Pelaksana Tugas (PLT) Kepala Pelaksana BPBPK Kalteng Erlin Hardi menjelaskan, banjir kali ini disebabkan cuaca ekstrem yang melanda bahkan sebelum musim hujan dimulai. Intensitas hujan tinggi menyebabkan debit air di sungai kian tinggi hingga akhirnya meluap ke permukiman warga.
Upaya Pemerintah Provinsi Kalteng adalah memantau tinggi muka air, sosialisasi ke setiap wilayah untuk selalu waspada, hingga evakuasi korban banjir. Selain itu, mereka juga berkoordinasi dengan pemerintah kabupaten/kota mendistribusikan bantuan.
”Katingan dan Kotawaringin Timur jadi wilayah yang cukup parah terendam banjir kali ini,” kata Erlin.
Menurut Erlin, dalam menghadapi dan mengantisipasi banjir pihaknya berkoordinasi dengan berbagai pihak, khususnya pemerintah daerah, agar mereka lebih siap dan waspada terhadap segala potensi bencana di wilayahnya. Adapun pemprov sifatnya hanya memberi dukungan.

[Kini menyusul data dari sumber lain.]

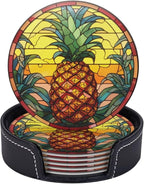 Pineapple Coasters for Drinks, Pineapple Decor Bar Drink Coasters for Coffee - Image 2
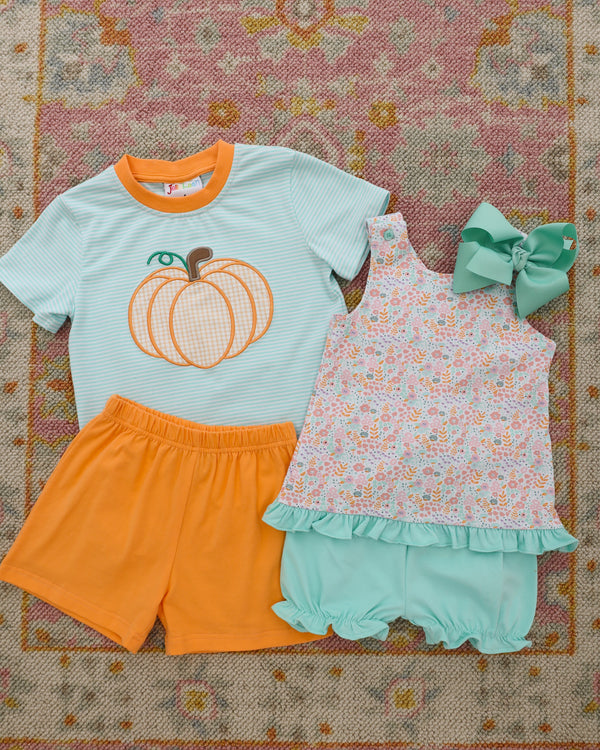 Pumpkin Patch Petals Swing Back Bloomer Set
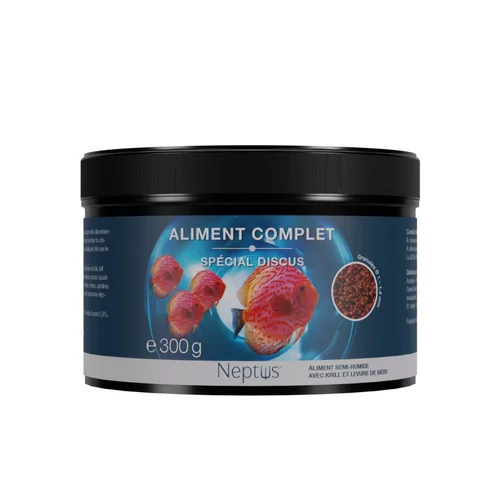Esprit végétal：Aliment complet pour discus granulés coloris multicolore Neptus – 500 ml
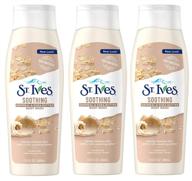 🛁 st. ives oatmeal & shea butter body wash, 13.50 oz (pack of 3) - moisturizing formula logo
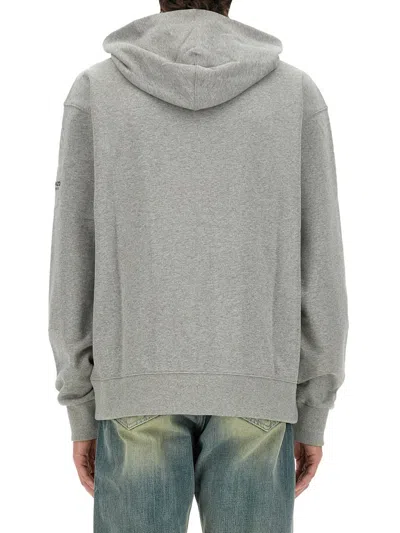 Shop Kenzo Flower Boke Sweatshirt In Grey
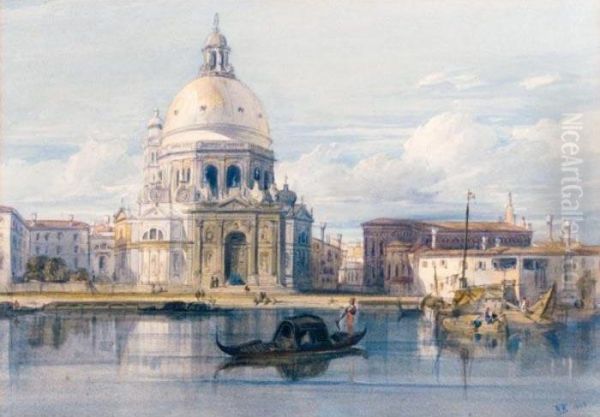 Santa Maria Della Salute, Venice Oil Painting by William Leighton Leitch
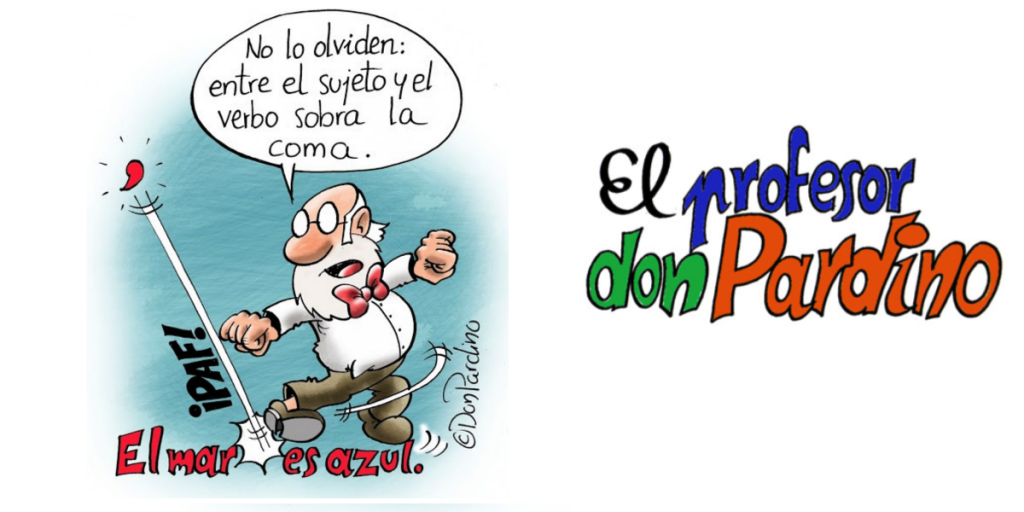 «La letra con humor entra» es la filosofía del profesor don Pardino, el protagonista de una serie de viñetas que ilustran reglas gramaticales. Las cómicas historietas siguen el estilo de […]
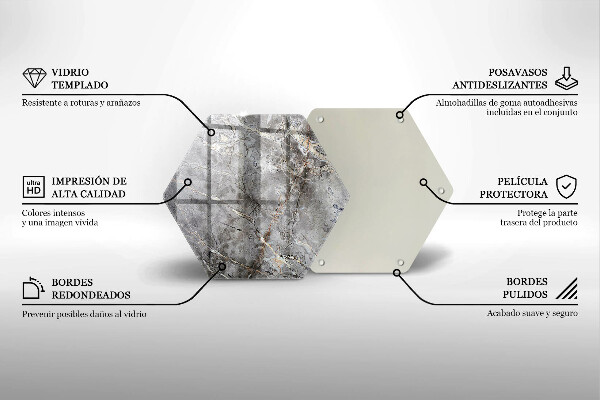 Deska szklana do kuchni Tekstura kamienia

Sementara itu, Direktur Eksekutif Wahana Lingkungan Hidup Indonesia (Walhi) Kalteng Dimas Novian Hartono tidak menampik terjadi cuaca ekstrem. Namun, hal itu hanya pemicu. Deforestasi, alih fungsi lahan, dan pertambangan legal ataupun ilegal menjadi masalah utama yang belum usai.
”Daya dukung dan daya tahan alam terus menurun karena kerusakan di hulu sampai hilir. Hilangnya hutan membentuk erosi sehingga tak ada lagi yang menahan,” katanya.
Dampak banjir sudah dirasakan warga hingga aktivitasnya terganggu. Mereka tak lagi bisa berladang, bahkan yang terburuk mereka sulit memprediksi cuaca. Sayangnya, sampai saat ini belum ada solusi untuk mencari penyebab banjir dan menanggulanginya.